Senin, 03 Desember 2012

Kebetulan

Efek rumah kaca malam ini menyendukan pikiran dan hatinya dengan lumat.
Liriknya mengatakan bahwa jatuh cinta itu biasa saja.
Dia bertanya, apa memang seharusnya jatuh pada cinta itu sesuatu yang biasa saja?

Dia menatapnya. Tapi hanya punggung.
Awas dia mengawasi dan mengintip hidupnya. Tidak banyak, tapi dia tahu apa yang dia suka dan dia tengah geluti.
Dia menatapnya. Tapi hanya punggung.
Sebuah kolom pencarian nama di berbagai jejaring sosial sudah berteriak bosan padanya karena lagi dan lagi harus menerima nama yang sama. Hobi sekali dia mengintipnya.

Dia menatapnya. Tapi hanya punggung.
Hingga hatinya kadang bergoyang-goyang genit. Hingga hatinya mengalami demam.

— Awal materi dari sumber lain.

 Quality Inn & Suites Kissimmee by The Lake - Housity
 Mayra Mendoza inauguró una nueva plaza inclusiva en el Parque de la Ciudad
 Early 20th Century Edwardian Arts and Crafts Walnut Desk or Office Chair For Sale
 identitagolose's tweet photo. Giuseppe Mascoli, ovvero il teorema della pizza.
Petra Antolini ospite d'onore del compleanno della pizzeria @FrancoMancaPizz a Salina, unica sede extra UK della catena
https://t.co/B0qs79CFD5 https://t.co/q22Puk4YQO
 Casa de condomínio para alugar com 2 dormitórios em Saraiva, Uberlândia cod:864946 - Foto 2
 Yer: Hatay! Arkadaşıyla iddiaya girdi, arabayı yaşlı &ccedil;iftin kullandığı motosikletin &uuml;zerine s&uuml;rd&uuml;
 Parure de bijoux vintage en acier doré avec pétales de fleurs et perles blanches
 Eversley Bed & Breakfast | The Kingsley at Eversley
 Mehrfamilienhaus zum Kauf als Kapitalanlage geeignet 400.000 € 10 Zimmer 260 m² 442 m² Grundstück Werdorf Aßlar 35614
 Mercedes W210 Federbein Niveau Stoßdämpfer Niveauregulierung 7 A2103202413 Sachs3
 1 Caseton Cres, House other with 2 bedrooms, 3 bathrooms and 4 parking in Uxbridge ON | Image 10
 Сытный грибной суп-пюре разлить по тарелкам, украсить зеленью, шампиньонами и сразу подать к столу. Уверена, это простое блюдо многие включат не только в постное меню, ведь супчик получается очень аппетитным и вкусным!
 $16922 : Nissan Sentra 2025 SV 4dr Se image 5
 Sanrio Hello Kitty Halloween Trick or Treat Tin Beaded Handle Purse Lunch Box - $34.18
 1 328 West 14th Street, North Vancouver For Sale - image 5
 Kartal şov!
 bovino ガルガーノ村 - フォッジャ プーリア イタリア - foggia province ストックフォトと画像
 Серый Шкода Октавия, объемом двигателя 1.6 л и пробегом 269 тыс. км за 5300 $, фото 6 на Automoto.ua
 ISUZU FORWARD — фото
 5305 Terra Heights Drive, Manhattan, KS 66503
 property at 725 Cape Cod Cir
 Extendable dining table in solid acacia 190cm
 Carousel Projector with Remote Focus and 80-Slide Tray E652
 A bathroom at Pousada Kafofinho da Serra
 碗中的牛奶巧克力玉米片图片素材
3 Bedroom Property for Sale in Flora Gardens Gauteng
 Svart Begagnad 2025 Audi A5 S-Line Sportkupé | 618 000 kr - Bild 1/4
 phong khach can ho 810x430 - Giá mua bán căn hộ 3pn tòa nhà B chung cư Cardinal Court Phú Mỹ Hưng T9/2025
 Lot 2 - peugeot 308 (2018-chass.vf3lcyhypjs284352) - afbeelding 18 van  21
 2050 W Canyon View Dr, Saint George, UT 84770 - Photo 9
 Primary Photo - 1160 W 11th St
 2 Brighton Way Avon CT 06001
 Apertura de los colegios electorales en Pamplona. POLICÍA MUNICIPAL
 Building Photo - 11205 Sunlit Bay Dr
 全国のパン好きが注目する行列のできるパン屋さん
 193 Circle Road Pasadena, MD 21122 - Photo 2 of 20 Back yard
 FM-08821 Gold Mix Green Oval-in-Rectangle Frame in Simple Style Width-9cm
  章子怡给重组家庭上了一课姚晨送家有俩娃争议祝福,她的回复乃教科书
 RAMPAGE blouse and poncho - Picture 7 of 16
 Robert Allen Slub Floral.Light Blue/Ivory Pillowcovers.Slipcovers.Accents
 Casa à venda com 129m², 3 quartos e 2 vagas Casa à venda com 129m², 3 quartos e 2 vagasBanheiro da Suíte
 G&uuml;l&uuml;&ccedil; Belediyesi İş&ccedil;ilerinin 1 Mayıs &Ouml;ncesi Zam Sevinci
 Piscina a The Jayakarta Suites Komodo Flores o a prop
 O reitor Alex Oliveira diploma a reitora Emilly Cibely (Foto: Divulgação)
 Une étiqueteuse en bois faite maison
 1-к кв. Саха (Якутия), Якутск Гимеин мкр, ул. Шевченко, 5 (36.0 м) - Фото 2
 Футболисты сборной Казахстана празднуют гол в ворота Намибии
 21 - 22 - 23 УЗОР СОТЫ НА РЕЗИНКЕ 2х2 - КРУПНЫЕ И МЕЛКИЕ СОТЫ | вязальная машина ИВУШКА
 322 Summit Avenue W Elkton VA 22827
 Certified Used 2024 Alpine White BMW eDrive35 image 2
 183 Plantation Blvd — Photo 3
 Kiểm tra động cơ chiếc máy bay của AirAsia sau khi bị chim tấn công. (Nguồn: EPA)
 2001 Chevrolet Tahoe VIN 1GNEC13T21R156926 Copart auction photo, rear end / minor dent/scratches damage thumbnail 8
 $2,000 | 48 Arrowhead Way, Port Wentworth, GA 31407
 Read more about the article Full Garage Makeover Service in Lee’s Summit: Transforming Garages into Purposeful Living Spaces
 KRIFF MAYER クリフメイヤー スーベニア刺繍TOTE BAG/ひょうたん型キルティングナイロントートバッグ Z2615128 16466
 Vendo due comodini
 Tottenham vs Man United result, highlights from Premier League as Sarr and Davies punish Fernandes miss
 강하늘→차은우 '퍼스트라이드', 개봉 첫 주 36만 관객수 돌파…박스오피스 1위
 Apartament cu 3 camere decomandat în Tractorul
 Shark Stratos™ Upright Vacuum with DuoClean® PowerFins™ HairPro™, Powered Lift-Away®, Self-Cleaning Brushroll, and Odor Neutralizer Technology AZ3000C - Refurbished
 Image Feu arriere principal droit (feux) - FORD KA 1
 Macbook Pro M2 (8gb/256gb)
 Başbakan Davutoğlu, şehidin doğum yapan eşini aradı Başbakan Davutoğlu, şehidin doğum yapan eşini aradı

Dia yang bodoh akan kode. Dia yang merasa bahwa semua hal di dunia adalah kode yang harus dipecahkan. Layaknya cerita horor, dia percaya dari setiap yang terjadi dalam kehidupan ini adalah misteri yang harus dipecahkan.
Tapi dia adalah si bodoh yang tak pernah mahir menebak kode.

Dia melihatnya.
Dengan sengaja menyempatkan waktu untuk melihatnya memakai toga wisuda. Kesengajaannya adalah untuk mengentaskan rasa ingin tahu yang mengebu. Baginya cukup.

Dan Tuhan sempat membalasnya untuk kedua kalinya.
Tepat saat dia tak memikirkan apa-apa lagi tentangnya, tepat saat dia berhenti mengintip hidupnya, tepat saat dia tak lagi ingin tahu tentangnya, tepat saat itulah Tuhan memainkan kuasaNya untuk membuat kode. Dibuatlah seperti kebetulan. Kebetulan yang kebetulan.
Mungkin karena Tuhan tahu bahwa dia bodoh akan kode, jadi semuanya terlihat kebetulan.
Ya, Tuhan mempertemukan lagi dia dengannya. Dengan jarak hanya empat langkah. Tanpa dia mampu berbuat apa-apa. Hanya mampu menatap.
"Tuhan memang cerdik" katanya dalam hati.

Kini dia lunglai,
Jika bisa dia berdoa, dia ingin menyudahi kelunglaian hati dan pikirannya yang aneh ini.
Kata hatinya jelas berkata "bahkan mengenalnya pun kamu tidak"
Kata logikanya jelas berkata "Layakpun belum tentu. Pantaspun kamu tak yakin"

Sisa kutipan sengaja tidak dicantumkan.